Resource allocation for attention in the context of intent (in both cooperative and adversarial settings)


Project Leader: Adrian Pearce
Primary Contact: Adrian Pearce (adrianrp@unimelb.edu.au)
Keywords: applied control theory; artificial intelligence; autonomous systems; machine learning; optimisation and programming languages
Disciplines: Computing and Information Systems
Domains:

Artificial intelligence has the potential to vastly amplify and augment human intelligence, especially in human agent teaming applications. One key challenge is to ensure alignment of values and goals in terms of being well behaved with respect to a human users' intentions (i.e. safety and fairness). Another is managing attention in multi-agent settings, which typically involves physical actions (e.g. robot motion), sensing actions (e.g. human gaze, (robot) sensor scheduling) and interleaved reasoning steps (e.g. AI planning). Attention for both humans and robotics is constrained by individual perspective and occlusion, the number of sensing actions that can be performed over time, and physical actions, such as motion and changes in physical configuration. In complex and dynamic multi-agent settings, when those inputs rely on belief about the intentions of either a collaborator, or an adversary, this is where this problem gets interesting and this is the key challenge that this thesis will tackle. This thesis focuses on the allocation of the finite resources available each agent can spend on attention, which must take into account the intent of other agents.
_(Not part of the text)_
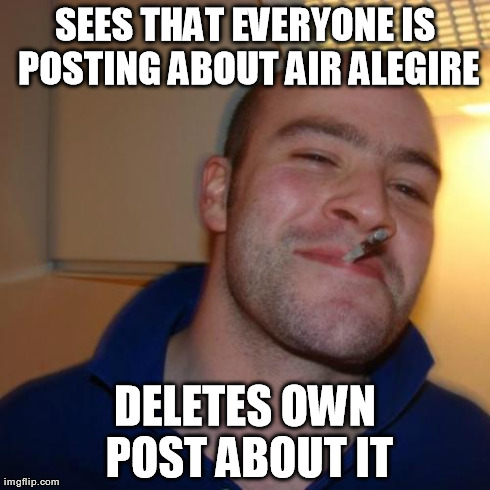 Good Guy Greg Meme | SEES THAT EVERYONE IS POSTING ABOUT AIR ALEGIRE DELETES OWN POST ABOUT IT | image tagged in memes,good guy greg | made w/ Imgflip meme maker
On one hand, techniques in deep learning have, at least in principle, demonstrated that attention can be used to draw 'global' dependencies between input and output, as an alternative to recurrency using self-attention mechanism ('Attention is all that is needed', Ashish Vaswani et al., Google Brain). On the other hand, classical planning is a compelling emerging framework for this task, used successfully in unison with deep networks (for example DeepMind’s AlphaGo and AlphaZero) and relies on a domain (task) independent modelling language (semantics). There are advantages in having an explicit (symbolic) model representation: including learning behaviours is usually faster and more sample efficient; prior knowledge and experience can be integrated more easily; and the model can be flexibly reused for a wide variety of goals and objectives. Model-based approaches also enable counterfactual reasoning (“what would have happened if …”) which is difficult without a model. Relevant technologies include, but are not limited to, classical planning, mathematical programming, reinforcement and deep learning, constraint programming and epistemic reasoning (reasoning about ‘nested’ belief).